Given records:

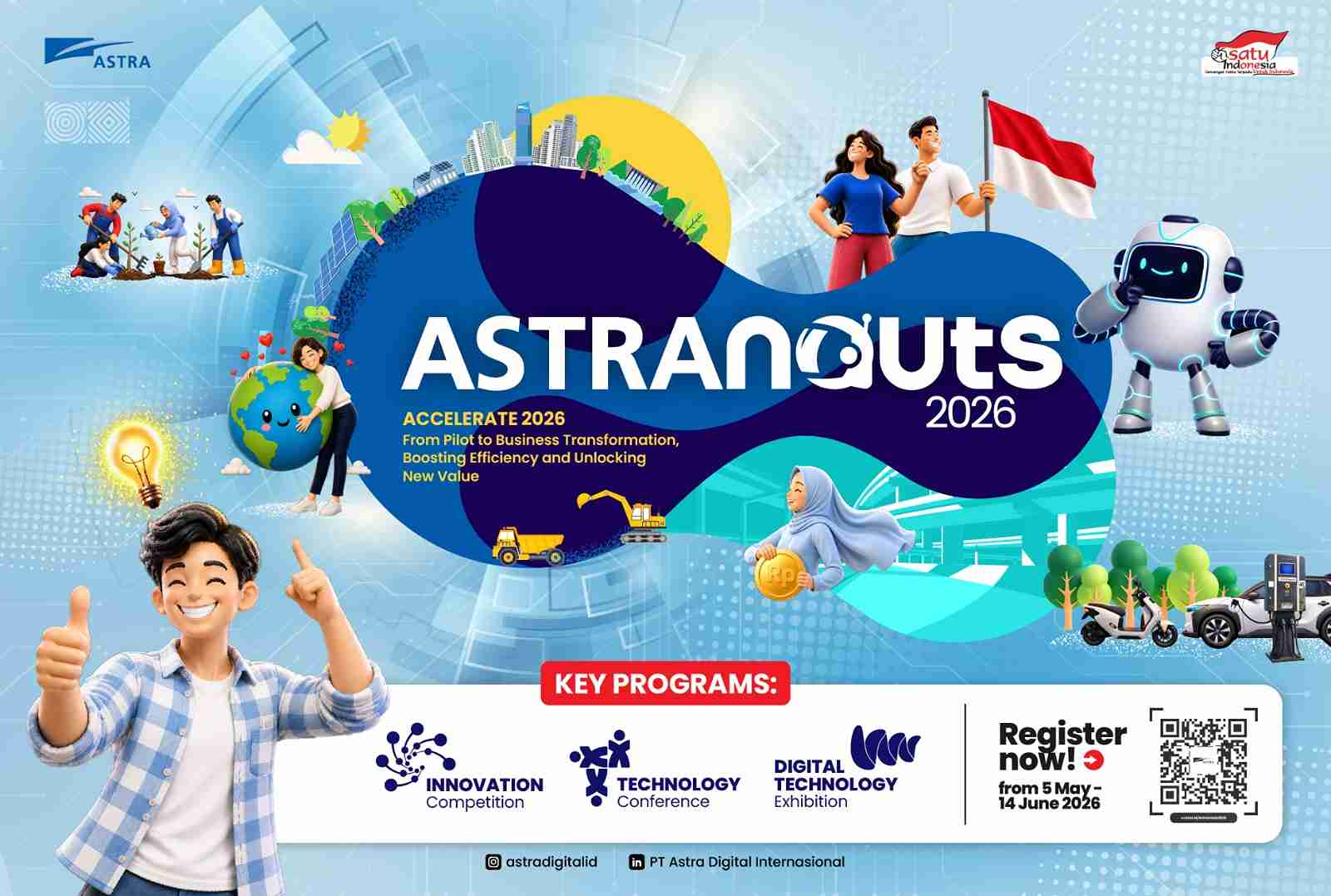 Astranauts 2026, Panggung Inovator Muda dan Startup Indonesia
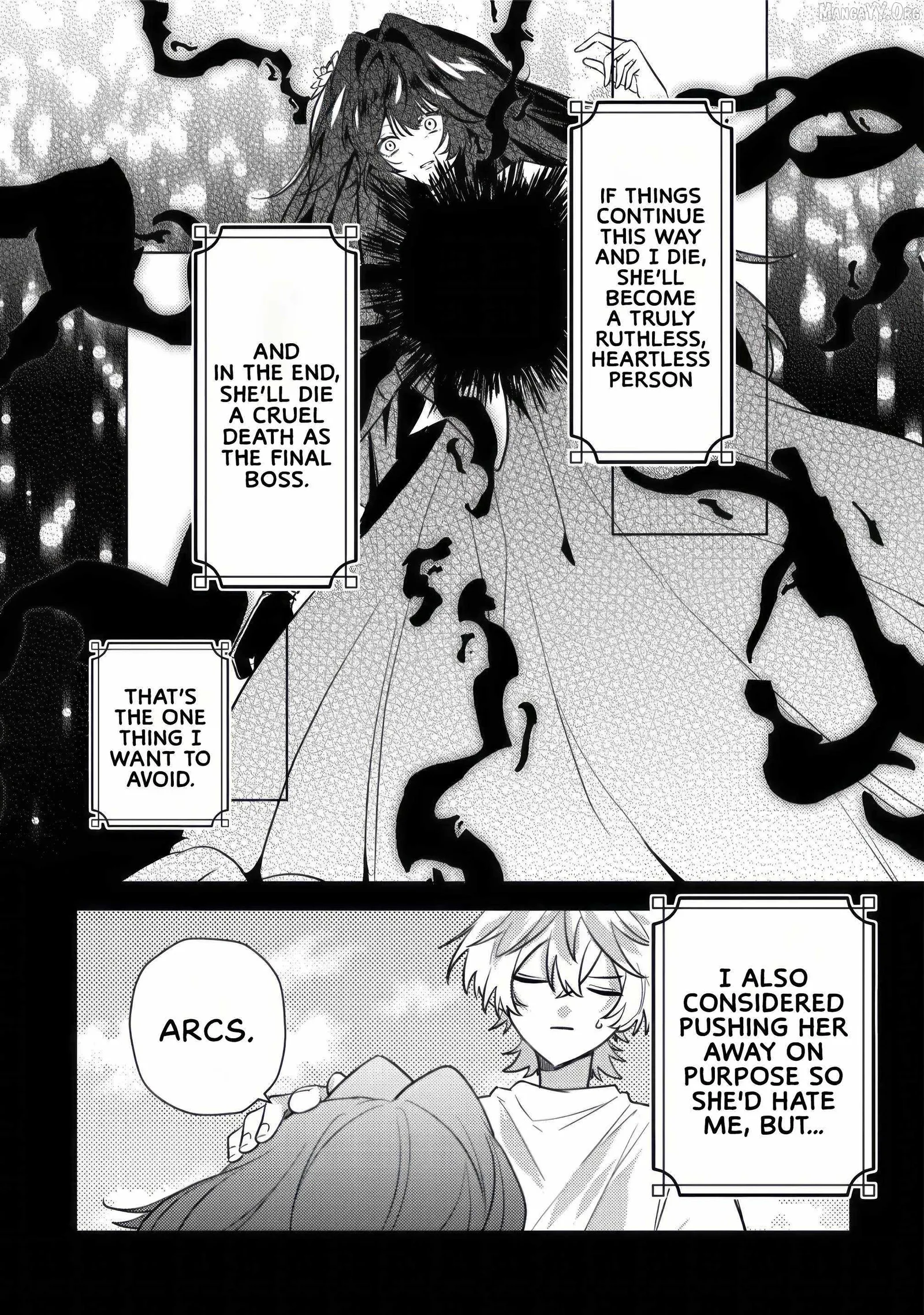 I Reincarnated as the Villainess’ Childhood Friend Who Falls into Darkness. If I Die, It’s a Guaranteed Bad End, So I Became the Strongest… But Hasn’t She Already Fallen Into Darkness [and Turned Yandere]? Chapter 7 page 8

---

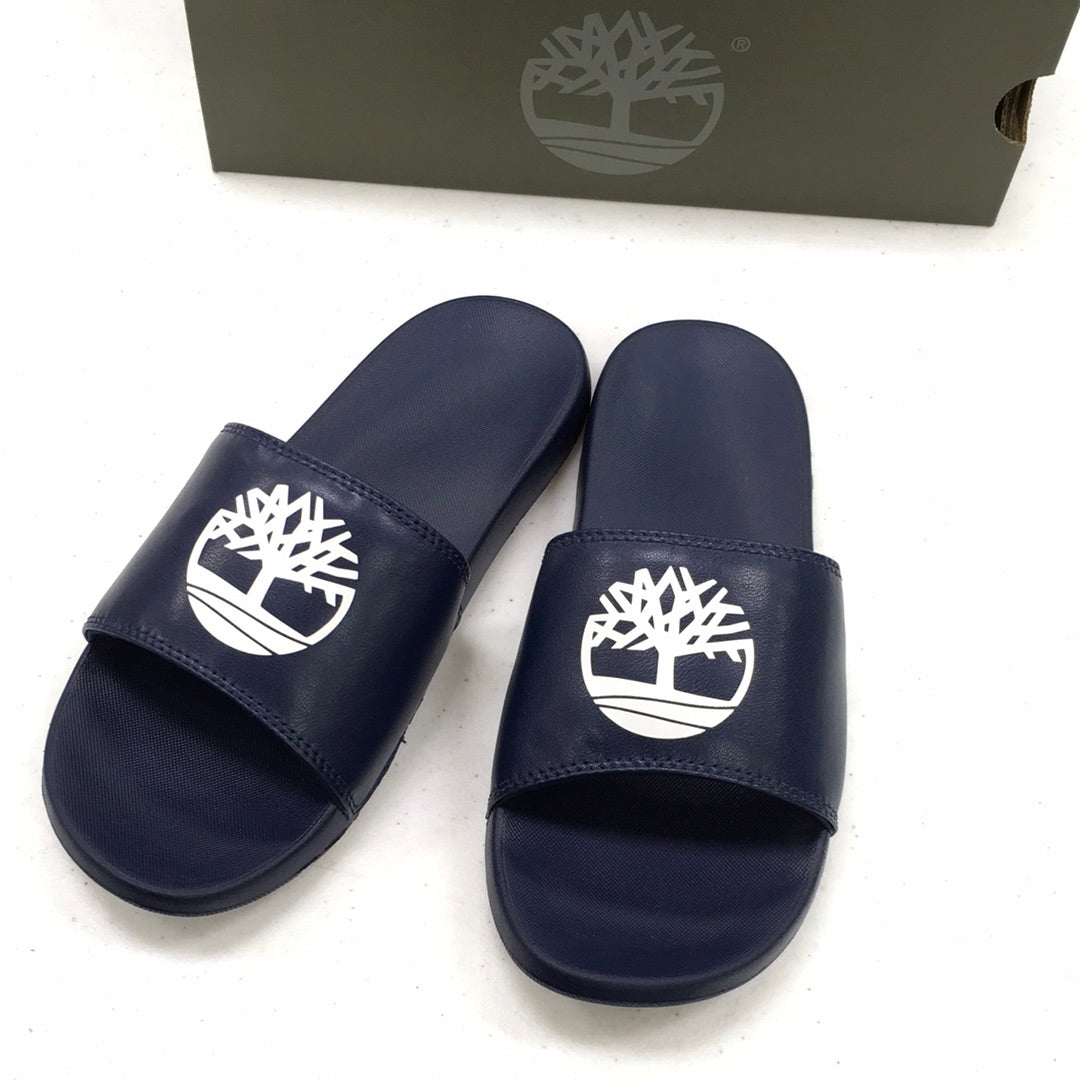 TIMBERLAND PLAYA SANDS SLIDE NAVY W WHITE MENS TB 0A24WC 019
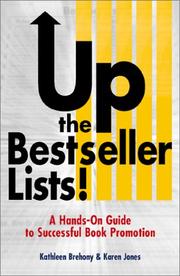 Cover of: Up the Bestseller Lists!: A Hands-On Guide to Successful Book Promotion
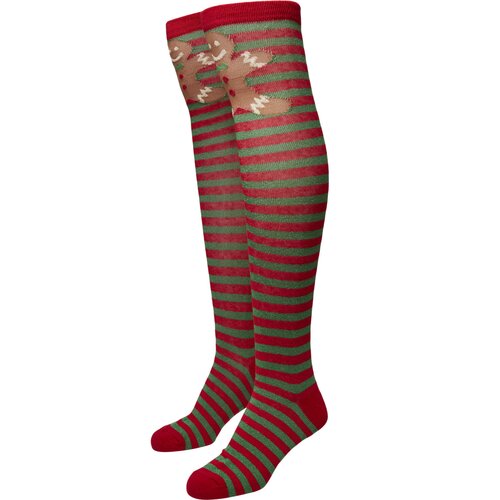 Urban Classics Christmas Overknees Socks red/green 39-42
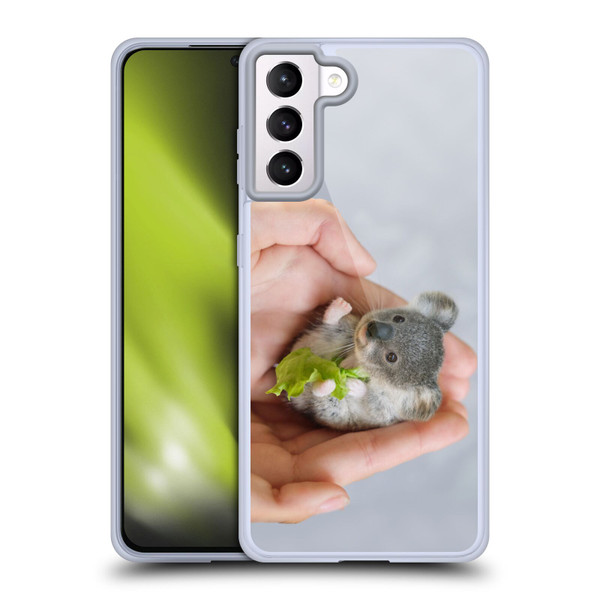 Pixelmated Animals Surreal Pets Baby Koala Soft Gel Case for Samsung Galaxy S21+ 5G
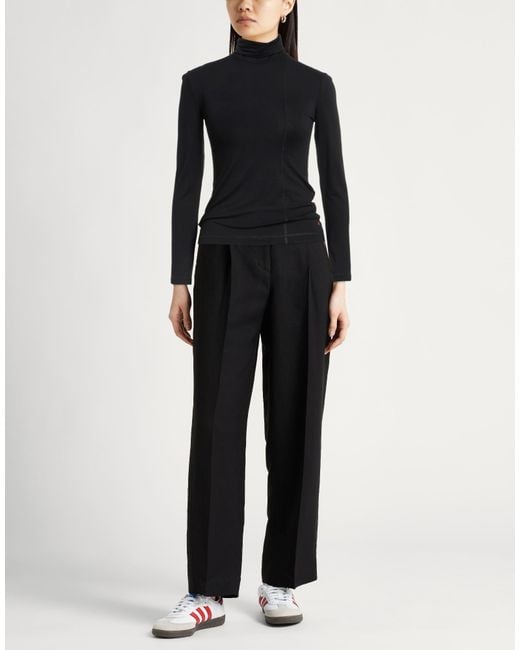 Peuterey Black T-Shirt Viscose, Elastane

Work item:
Exact copy, no pictures. Write out the lines in the entries above, starting with the line with "Cover of: Up" and going on through the line with "Peuterey Black T-Shirt Viscose, Elastane", keeping both.

Expected output:
 Cover of: Up the Bestseller Lists!: A Hands-On Guide to Successful Book Promotion
 Urban Classics Christmas Overknees Socks red/green 39-42
 Pixelmated Animals Surreal Pets Baby Koala Soft Gel Case for Samsung Galaxy S21+ 5G
 Peuterey Black T-Shirt Viscose, Elastane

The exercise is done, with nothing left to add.